■ Directions
I'd like every entry transcribed word for word, with no pictures.
=== Supplied material ===
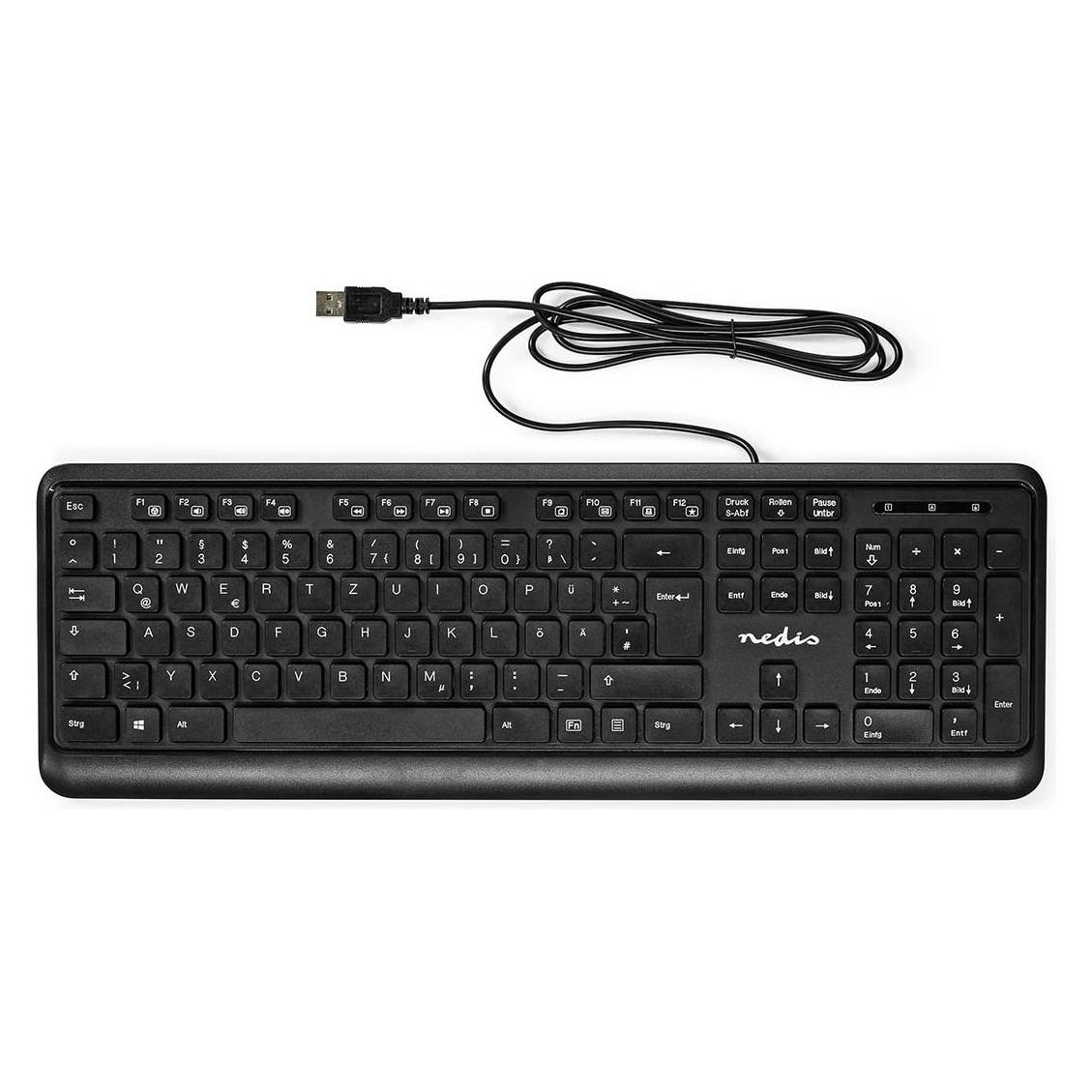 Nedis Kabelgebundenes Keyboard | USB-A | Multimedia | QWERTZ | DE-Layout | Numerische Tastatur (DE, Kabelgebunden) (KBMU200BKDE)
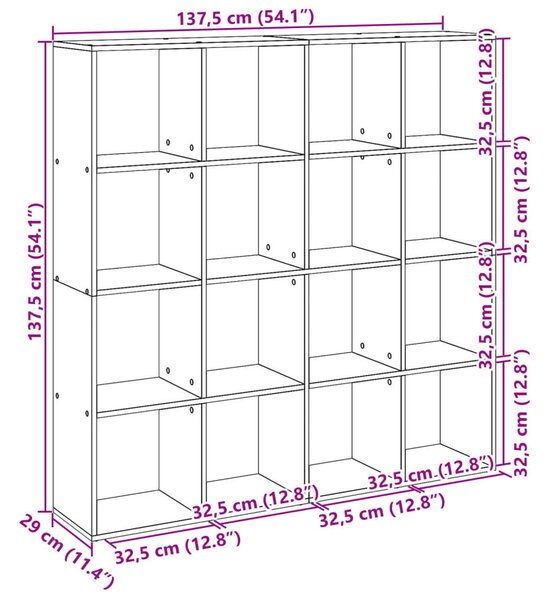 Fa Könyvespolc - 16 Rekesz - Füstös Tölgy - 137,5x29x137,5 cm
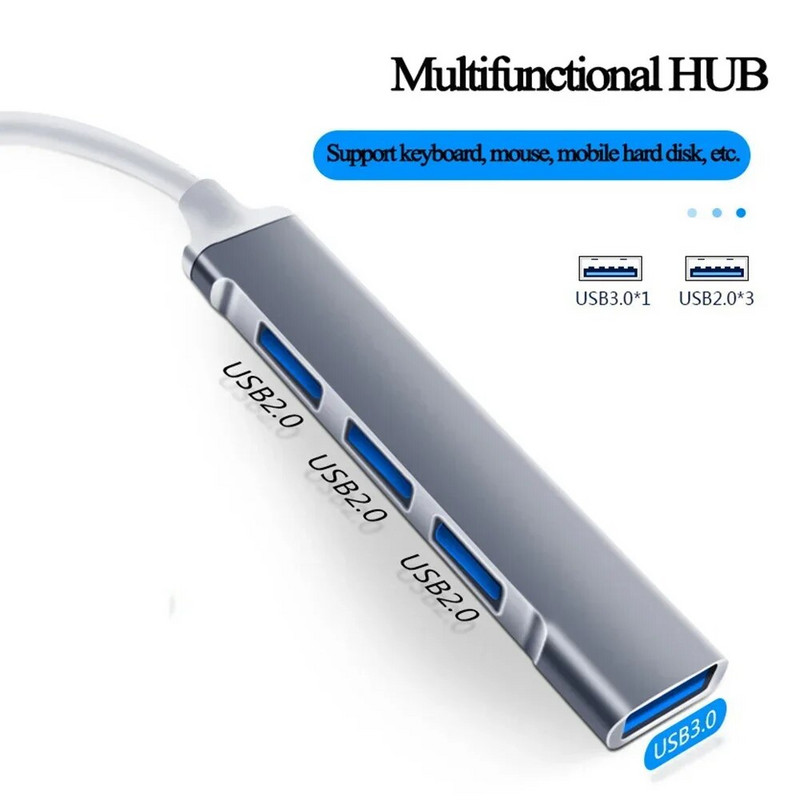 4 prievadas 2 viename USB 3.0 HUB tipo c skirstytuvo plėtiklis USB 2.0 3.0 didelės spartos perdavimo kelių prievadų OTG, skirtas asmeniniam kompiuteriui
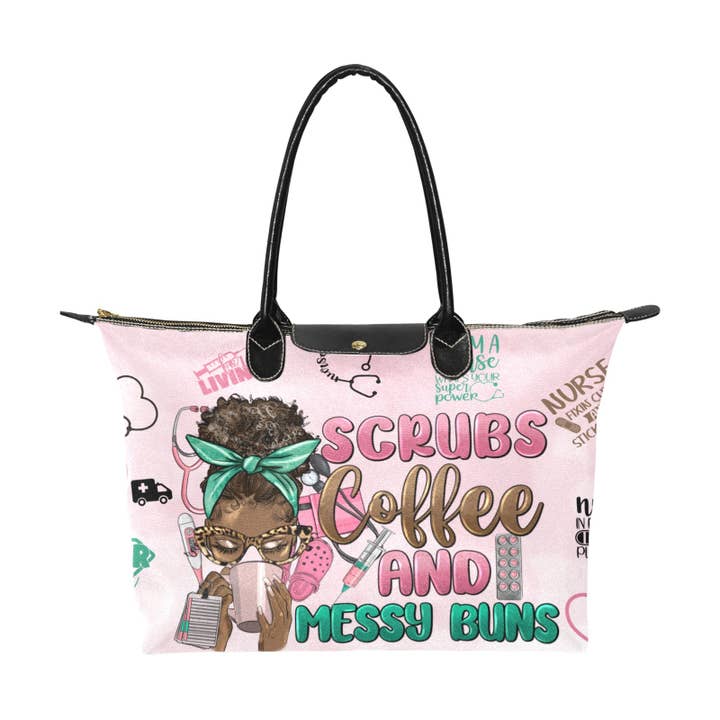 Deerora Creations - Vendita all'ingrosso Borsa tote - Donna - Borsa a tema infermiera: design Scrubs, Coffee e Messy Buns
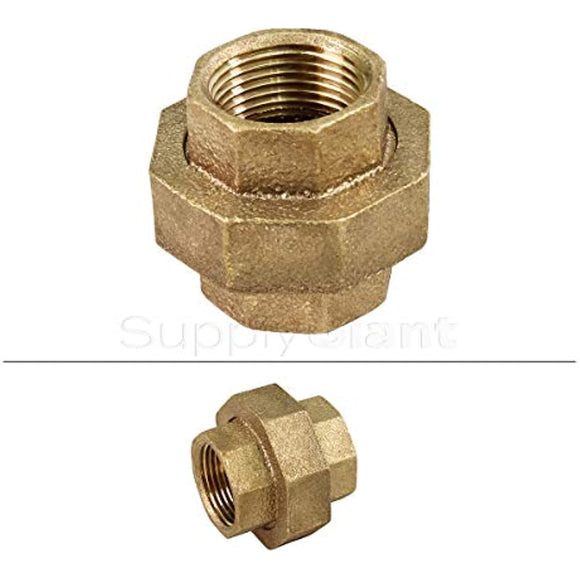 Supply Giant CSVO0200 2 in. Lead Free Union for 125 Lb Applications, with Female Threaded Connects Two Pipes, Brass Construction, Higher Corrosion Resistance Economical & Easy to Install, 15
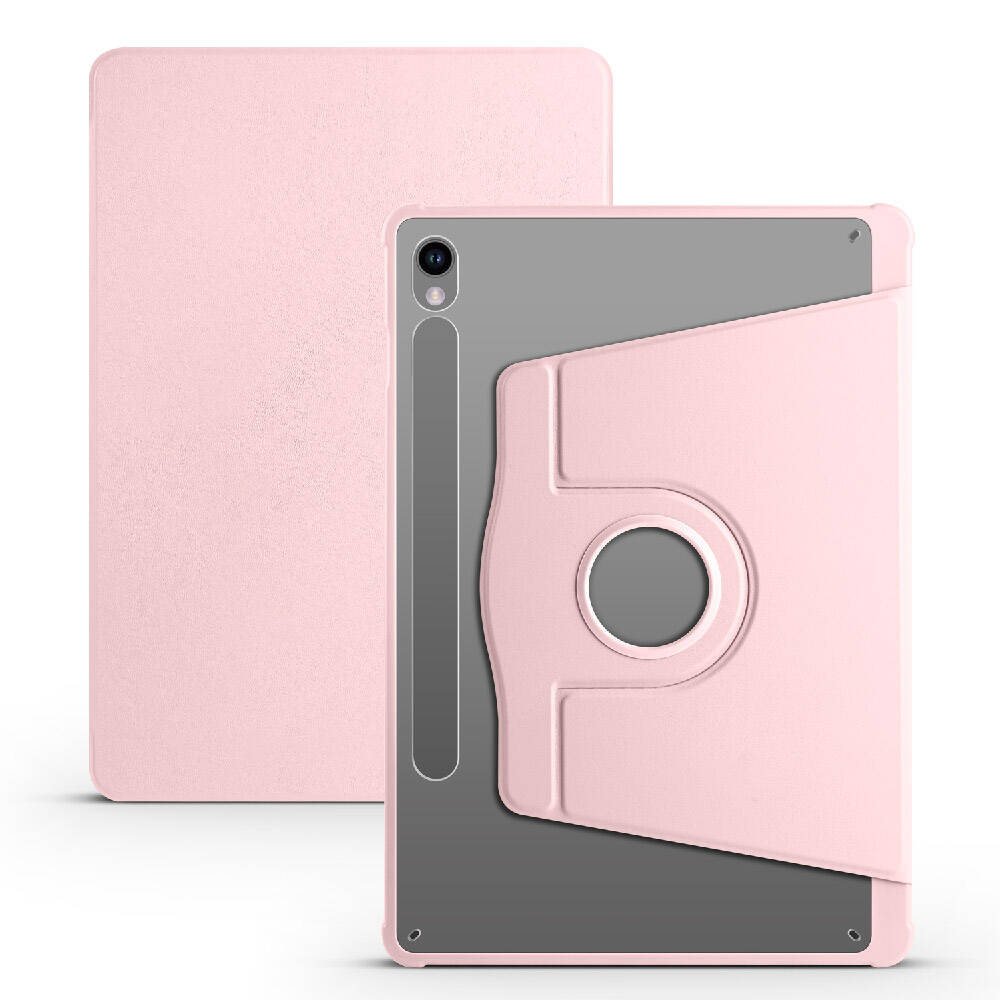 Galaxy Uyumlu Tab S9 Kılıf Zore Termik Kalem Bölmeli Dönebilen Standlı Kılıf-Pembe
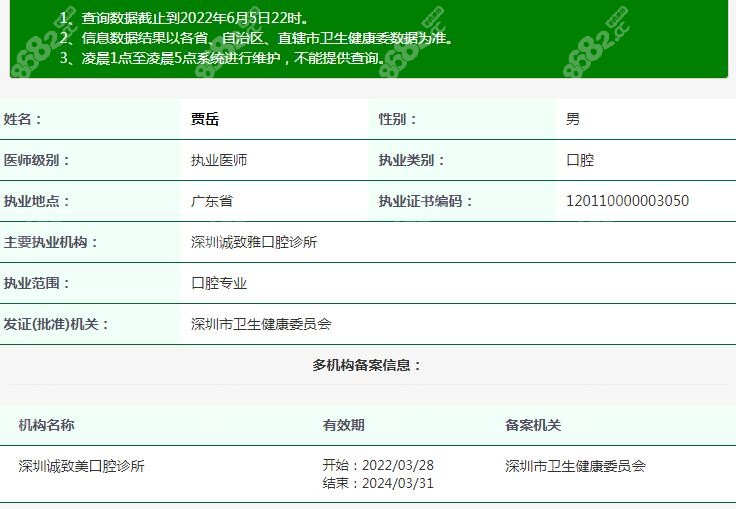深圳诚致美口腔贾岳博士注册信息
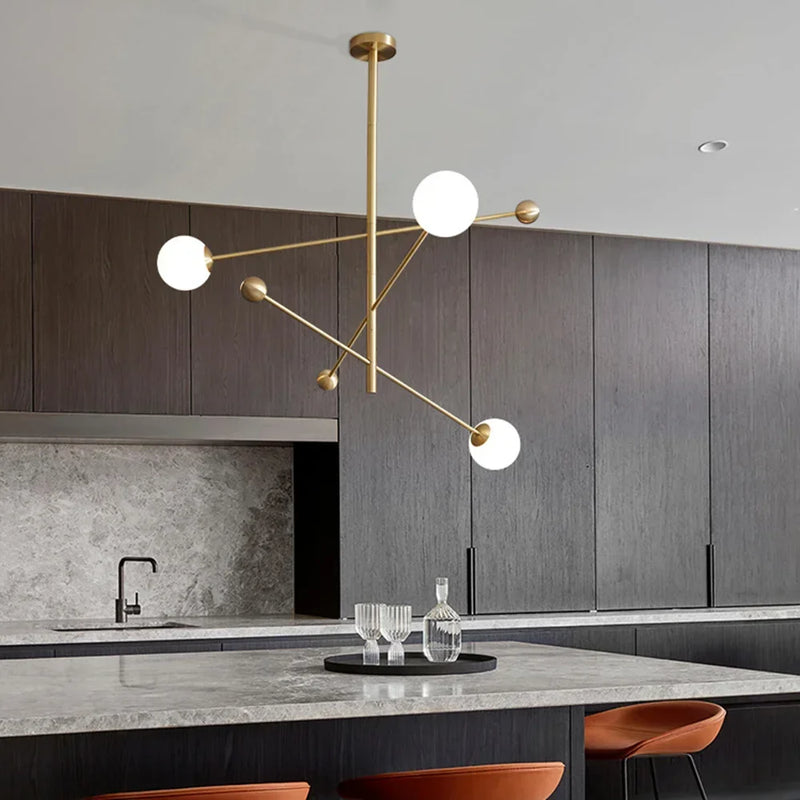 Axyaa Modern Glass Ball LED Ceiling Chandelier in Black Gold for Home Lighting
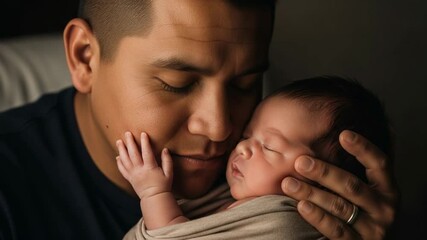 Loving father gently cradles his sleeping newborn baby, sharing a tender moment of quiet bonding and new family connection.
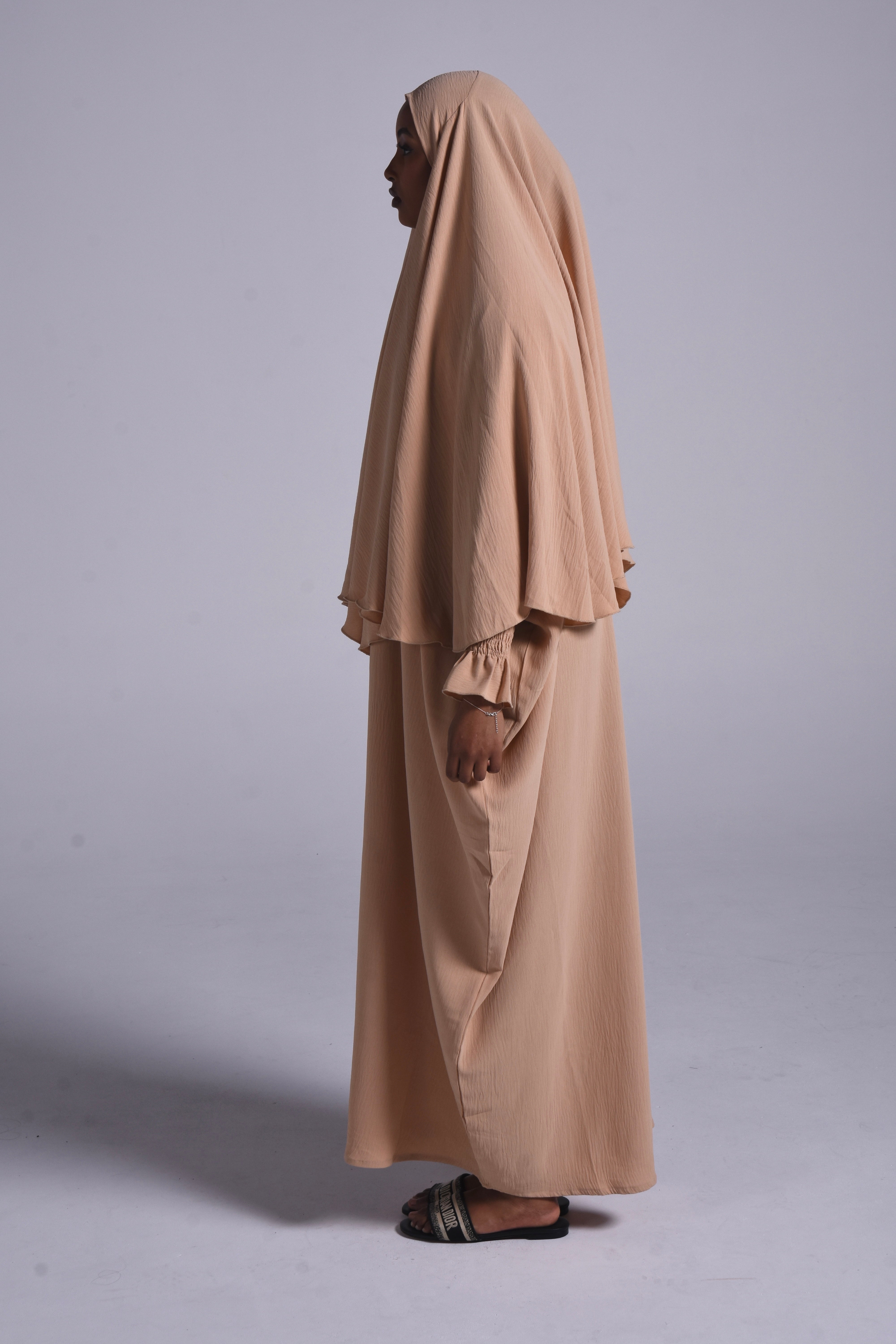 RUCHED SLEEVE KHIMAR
===
■ Exercise result
 Nedis Kabelgebundenes Keyboard | USB-A | Multimedia | QWERTZ | DE-Layout | Numerische Tastatur (DE, Kabelgebunden) (KBMU200BKDE)
 Fa Könyvespolc - 16 Rekesz - Füstös Tölgy - 137,5x29x137,5 cm
 4 prievadas 2 viename USB 3.0 HUB tipo c skirstytuvo plėtiklis USB 2.0 3.0 didelės spartos perdavimo kelių prievadų OTG, skirtas asmeniniam kompiuteriui
 Deerora Creations - Vendita all'ingrosso Borsa tote - Donna - Borsa a tema infermiera: design Scrubs, Coffee e Messy Buns
 Supply Giant CSVO0200 2 in. Lead Free Union for 125 Lb Applications, with Female Threaded Connects Two Pipes, Brass Construction, Higher Corrosion Resistance Economical & Easy to Install, 15
 Galaxy Uyumlu Tab S9 Kılıf Zore Termik Kalem Bölmeli Dönebilen Standlı Kılıf-Pembe
深圳诚致美口腔贾岳博士注册信息
 Axyaa Modern Glass Ball LED Ceiling Chandelier in Black Gold for Home Lighting
 Loving father gently cradles his sleeping newborn baby, sharing a tender moment of quiet bonding and new family connection.
 RUCHED SLEEVE KHIMAR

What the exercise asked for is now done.